La razón poética de Ramón Gaya
Tramonto a Venezia, 1953. Gouache sobre papel, 29 x 25
Plenitud. ése es el estado de gracia en el que se produce y encuentra la obra de Ramón Gaya (Murcia, 1910). Es una condición que proclama la integridad, totalidad, culminación y cualidad de excelencia del arte de la pintura, practicado aquí desde la excepcionalidad y la renuncia combativa a los cánones de las vanguardias. No todos entienden que precisamente por esta oposición a aceptar las convenciones del modernismo "legal" la obra de Gaya supone un desprecio a los límites, una transgresión que permitirá al artista "conocer el infinito, vislumbrando una existencia libre de reglas y constricciones" -como diría Bataille- y otorgádole al cuadro el aspecto utópico de toda obra de arte.

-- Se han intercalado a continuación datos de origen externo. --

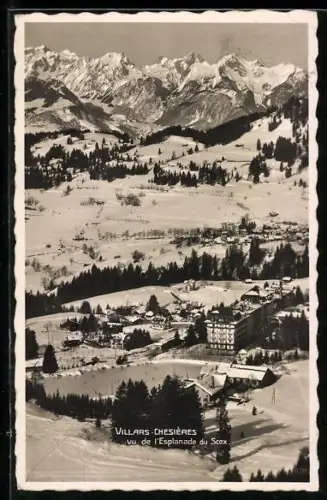 AK Villars-Chesières, Vu de l`Esplanade du Scex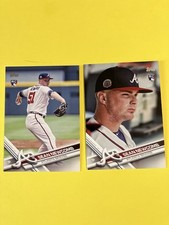 Sean Newcomb 2017 Topps Update  Short Print Variation  #US162 And Base Card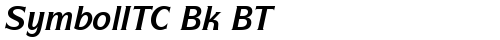 SymbolITC Bk BT Bold Italic font TrueType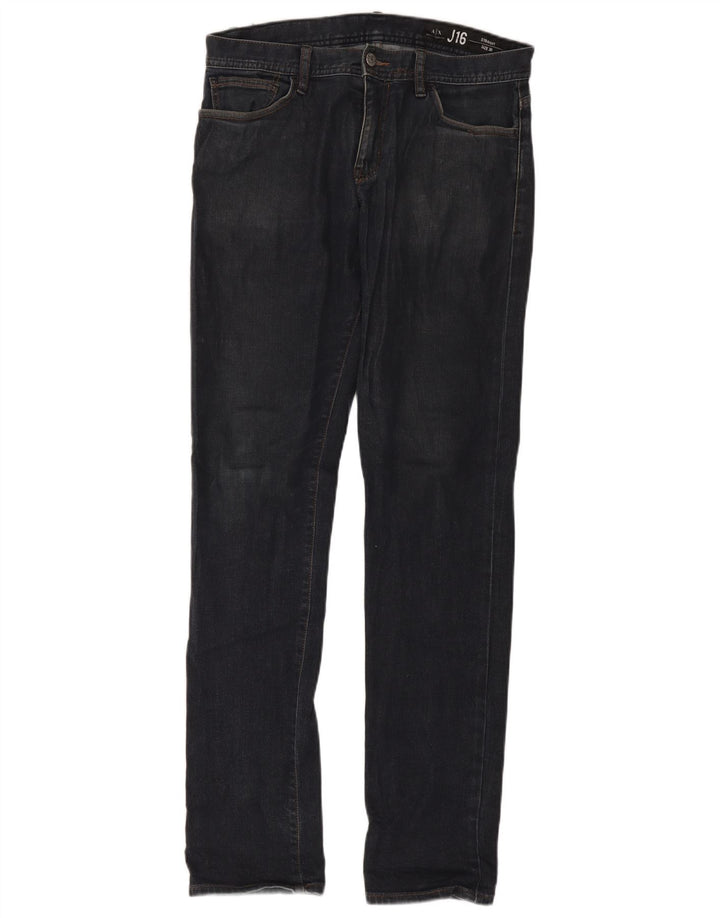 Armani Exchange Mens Straight Jeans W30 L32 Navy Blue Cotton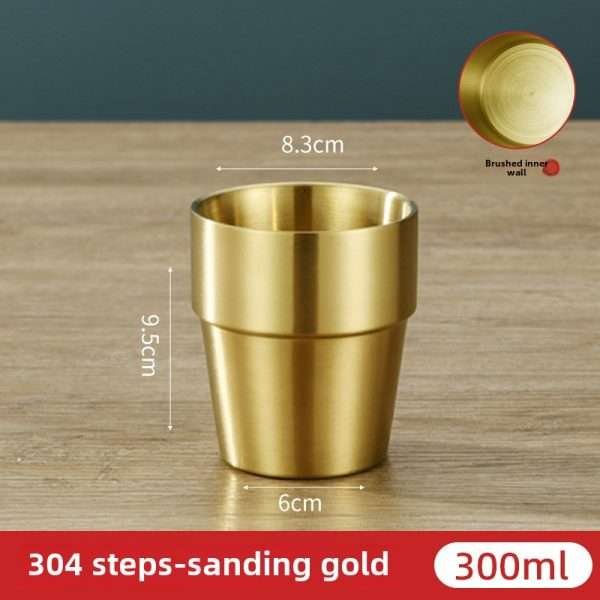Korean stainless steel double-layer cup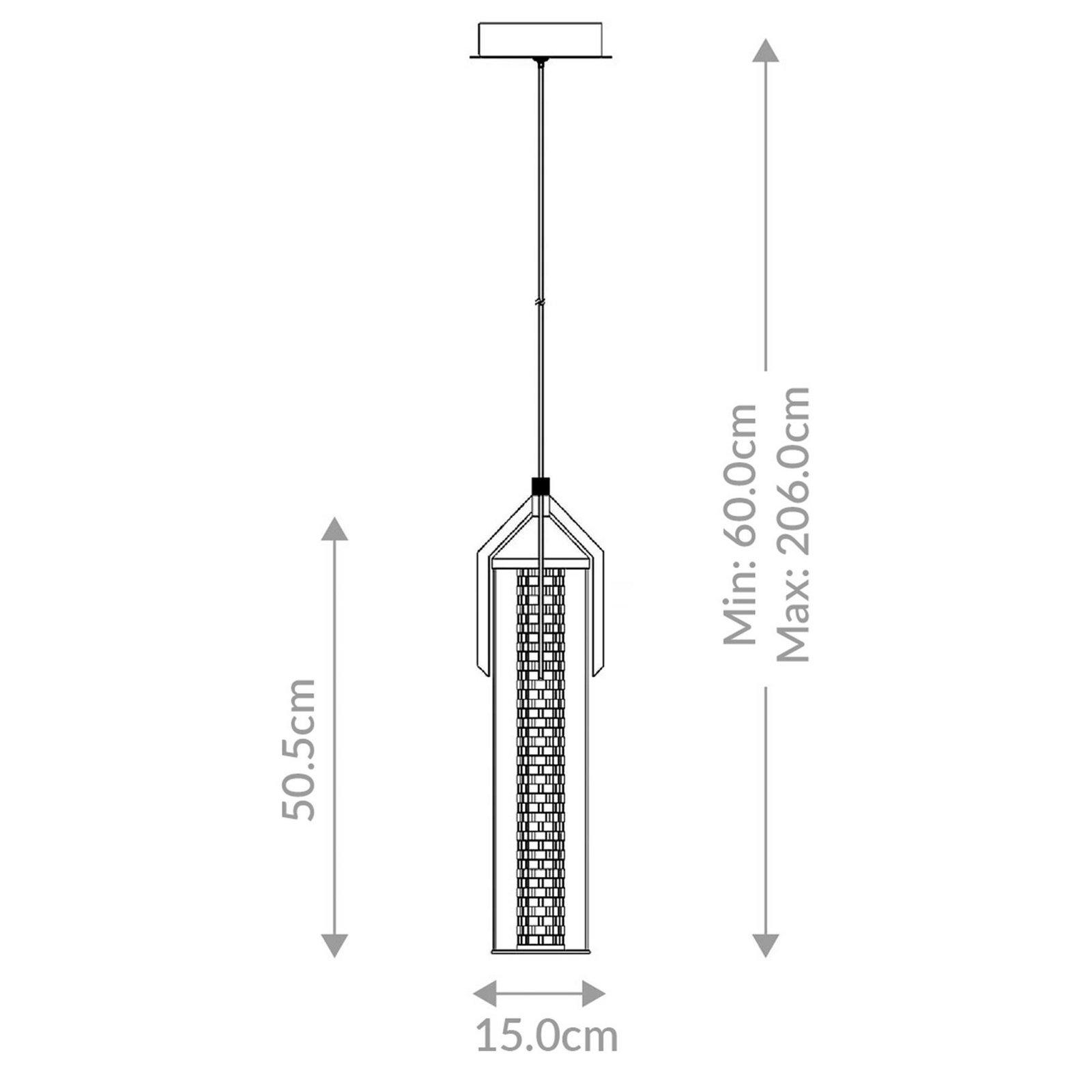 ESPADA LED pendant light, polished chrome, Ø 15 cm, metal/glass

Pues bien, esa rara y serena cualidad de lo pleno constituye la atmósfera de esta exposición -sencilla y compleja-, que se le dedica en cumplimiento de lo estipulado en las bases del Premio Velázquez que, en su primera celebración, se otorgó a Gaya el año pasado.Se trata de una exposición de gabinete, que sigue la secuencia cronológica de la producción de la obra, lo que, a su vez, implica que los sucesivos bloques de pinturas y dibujos testifiquen las diferencias en la luz y el color, y en los motivos (paisajes, interiores, objetos y figuras) proporcionados por las ciudades en que han ido fraguando la biografía y el trabajo de Gaya: la Murcia de 1920-1930, tan relacionada con Juan Ramón Jiménez y los poetas del 27, el Madrid de las Misiones Pedagógicas y de La Barraca, el castillo francés de Cardesse del primer exilio en la posguerra, su larga estancia de doce años en México, Roma -donde se instaló en 1956 y desde donde viajaría a Florencia, Venecia y París-, y de nuevo Murcia y Madrid, ciudades definitivamente reencontradas en 1978. Todo ello importa sobremanera en el caso de un artista tan intimista y para el que pintura y vida han sido siempre términos equivalentes en valor, estima, potencia y eficacia.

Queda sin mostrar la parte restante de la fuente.